Tiling as a Durable Abstraction for Parallelism and Data Locality

Didem Unat  Cy Chan  Weiquon Zhang  John Bell  John Shalf
Lawrence Berkeley National Laboratory
1 Cyclotron Rd, Berkeley, California, USA 94720
dunat, cychan, weiquonzhang, jbbell, jshalf @lbl.gov

Abstract—Tiling is a useful loop transformation for expressing parallelism and data locality. Automated tiling transformations that preserve data-locality are increasingly important due to hardware trends towards massive parallelism and the increasing costs of data movement relative to the cost of computing. We propose TiDA as a durable tiling abstraction that centralizes parameterized tiling information within array data types with minimal changes to the source code. The data layout information can be used by the compiler and runtime to automatically manage parallelism, optimize data locality, and schedule tasks intelligently. In this paper, we present the design features and early interface of TiDA along with some preliminary results.

I. INTRODUCTION

There are two main trends in the computer architecture that legitimately concern application developers. First, exponential increases in raw parallelism has replaced nearly two decades of clock rate improvements in a microprocessor. From now on, applications must rely extensively on explicit fine-grained parallelism as a main source of performance improvement. Second, the energy cost of moving data is not improving as fast as the energy required for computation. In the future data movement is expected to become the leading contributor to power consumption and cost of future machines [1].

Whereas current programming environments were designed to assume modest growth in parallelism, uniform costs for communicating, and that FLOPs are most expensive (often at the expense of data movement), the future of computing hinges on preserving data locality (sometimes at the expense of FLOPs) and minimizing data movement.

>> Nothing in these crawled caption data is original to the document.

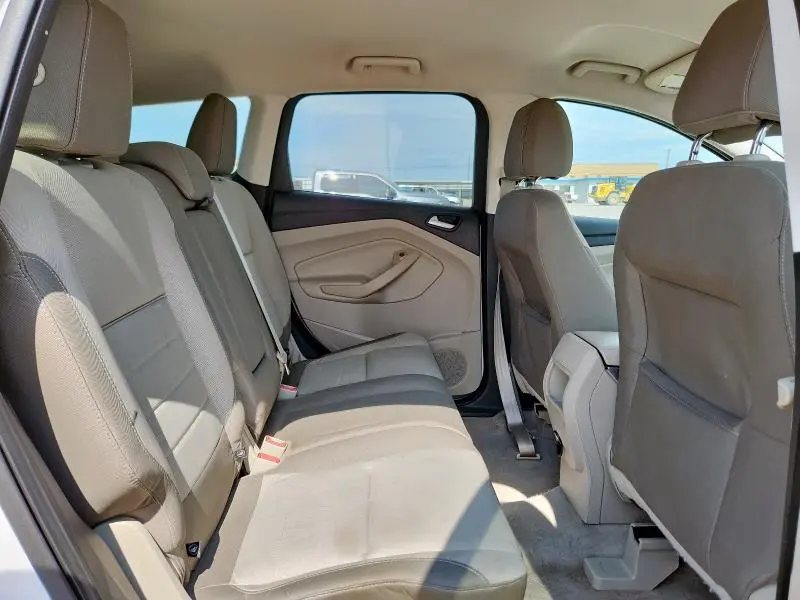 2015 FORD ESCAPE SE  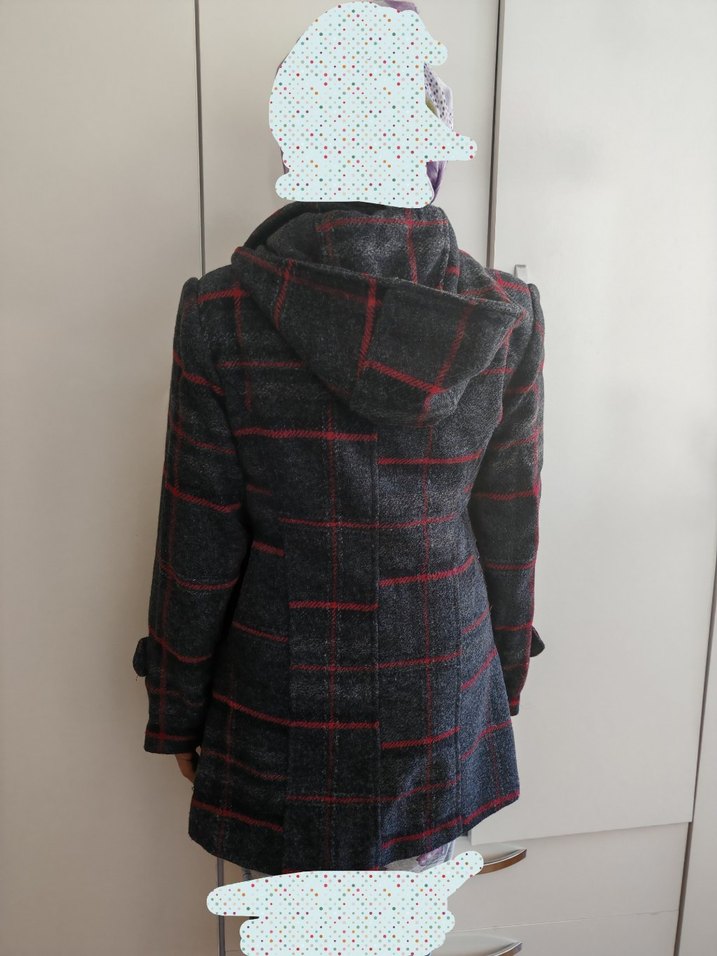 Kapüşonlu Ekose Desenli Kaban - Görsel 5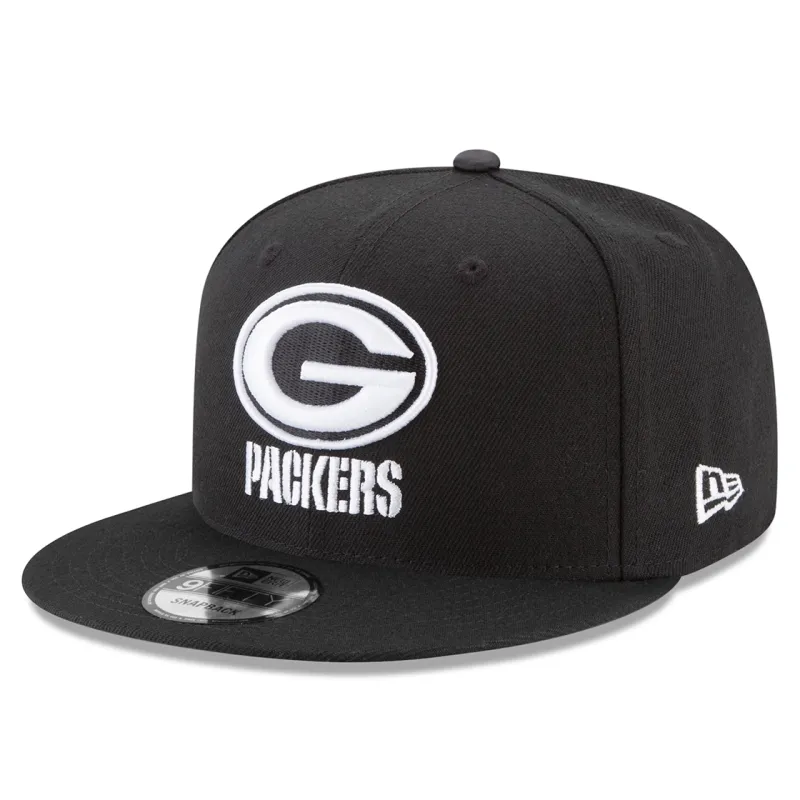 Left-angled view of black New Era Packers 9FIFTY hat with a white embroidered team logo and flat visor.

In order to minimize data movement, applications have to be optimized both for vertical and horizontal data movement. Vertical data movement concerns the management of data through the memory hierarchy from memory to processing units and has to be tuned to increase data reuse in on-chip memory. Horizontal data movement concerns the locality management of non-uniformity in bandwidth and latencies to on-chip memory. The NUMA (non-uniform memory access) issues are already prevalent for on-chip data movement and will be more conspicuous on 1000-core chips, leading to serious performance consequences. To address the programming challenges that result from these trends in computer architecture, programming models play a crucial role in abstracting the complexity for programmers. Current programming models assume equal cost for all data accesses and rely on the cache to virtualize data movement, not reflecting reality in the computer architecture. Thus, application developers need a richer interface to express parallelism and data locality requirements of an algorithm.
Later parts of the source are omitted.